▶ **Activity**: Repeat exactly the lines of the records below, starting at the line containing "une petite cuisine" and ending at the line containing "ПСИЛОЦИБИНОВЫЕ ГРИБЫ Касимов". Leave the pictures out.
═══ Information supplied
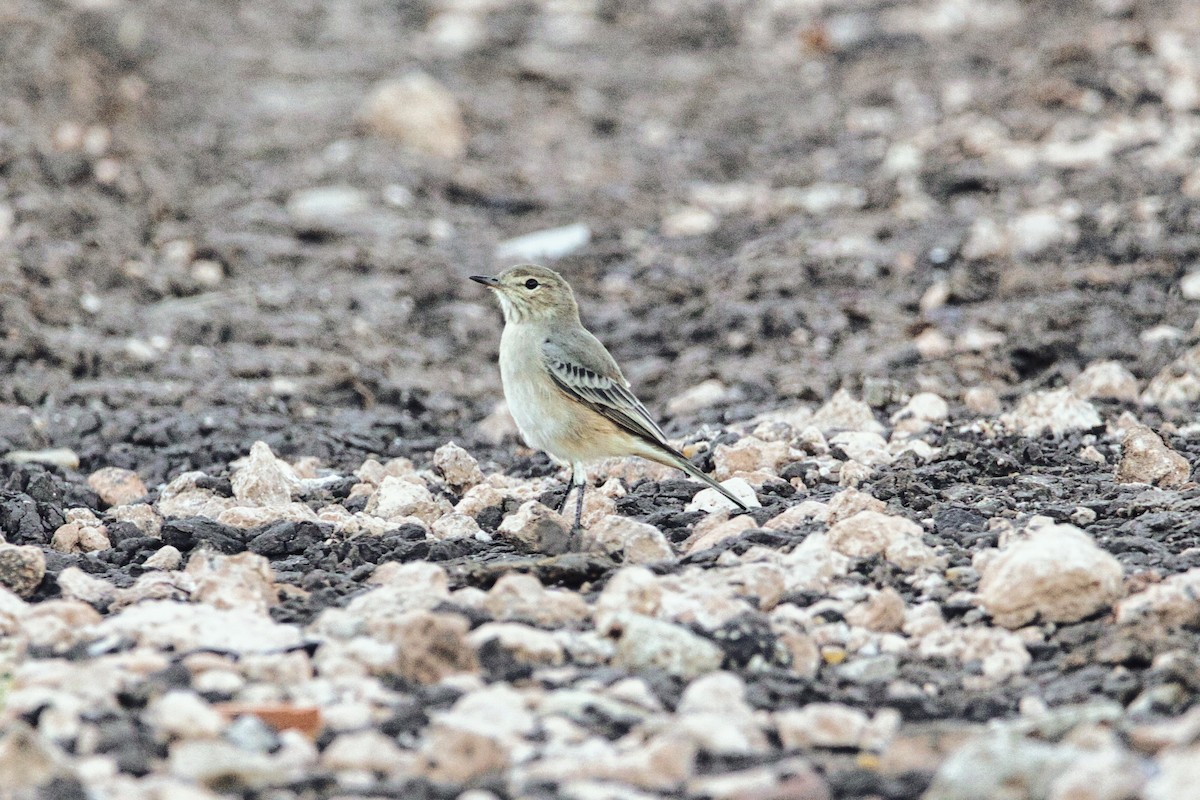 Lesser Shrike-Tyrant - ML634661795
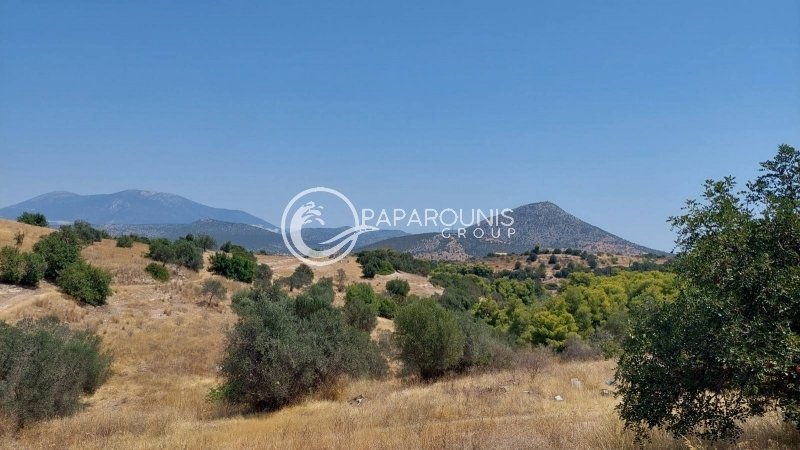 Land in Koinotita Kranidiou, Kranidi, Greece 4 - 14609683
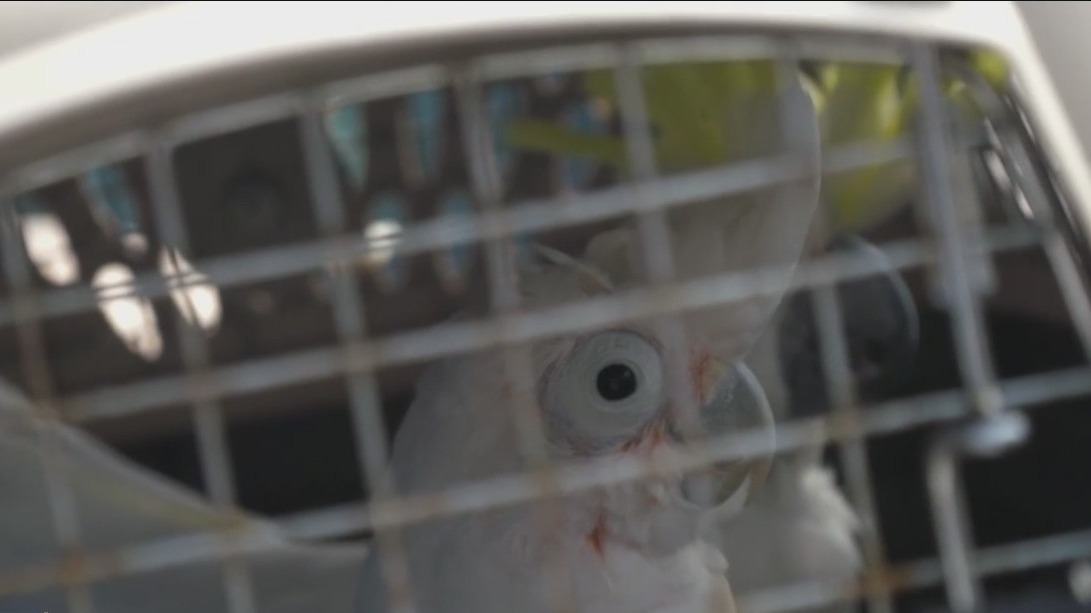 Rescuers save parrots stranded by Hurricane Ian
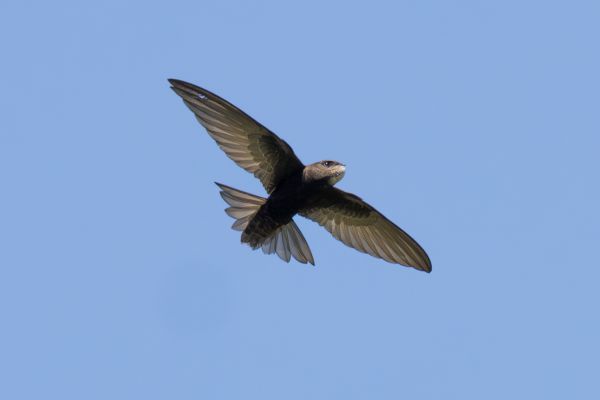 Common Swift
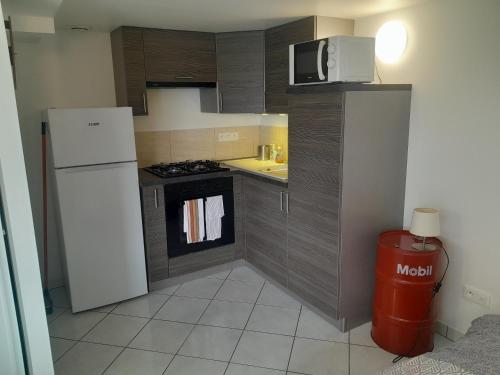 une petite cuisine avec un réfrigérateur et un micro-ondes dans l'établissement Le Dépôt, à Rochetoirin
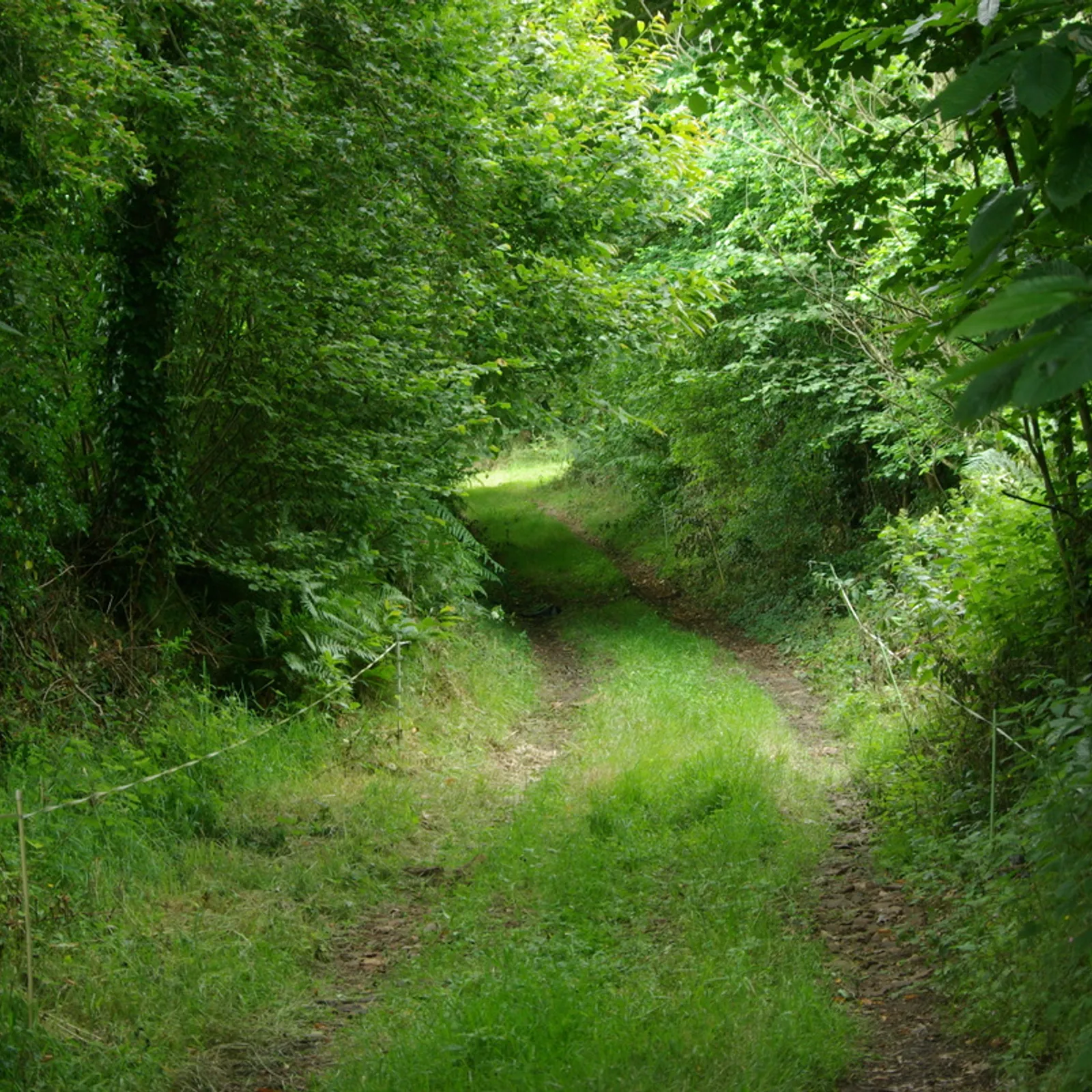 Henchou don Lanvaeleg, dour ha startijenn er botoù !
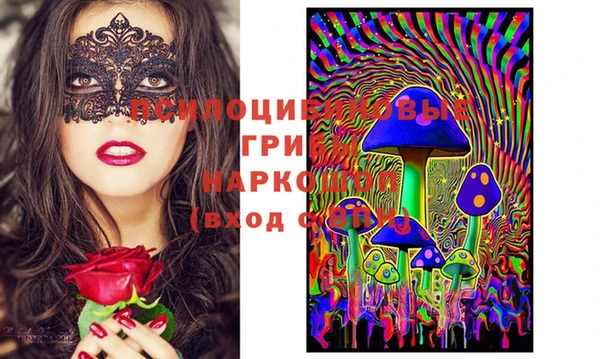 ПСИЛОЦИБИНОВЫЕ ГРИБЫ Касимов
══════
═══ Information supplied
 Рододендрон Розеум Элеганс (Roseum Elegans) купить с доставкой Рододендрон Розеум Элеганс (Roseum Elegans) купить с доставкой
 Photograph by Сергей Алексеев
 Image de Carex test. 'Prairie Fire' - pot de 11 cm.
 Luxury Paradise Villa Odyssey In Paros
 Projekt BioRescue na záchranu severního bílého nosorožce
══════
▶ **Answer to this task**:
 une petite cuisine avec un réfrigérateur et un micro-ondes dans l'établissement Le Dépôt, à Rochetoirin
 Henchou don Lanvaeleg, dour ha startijenn er botoù !
 ПСИЛОЦИБИНОВЫЕ ГРИБЫ Касимов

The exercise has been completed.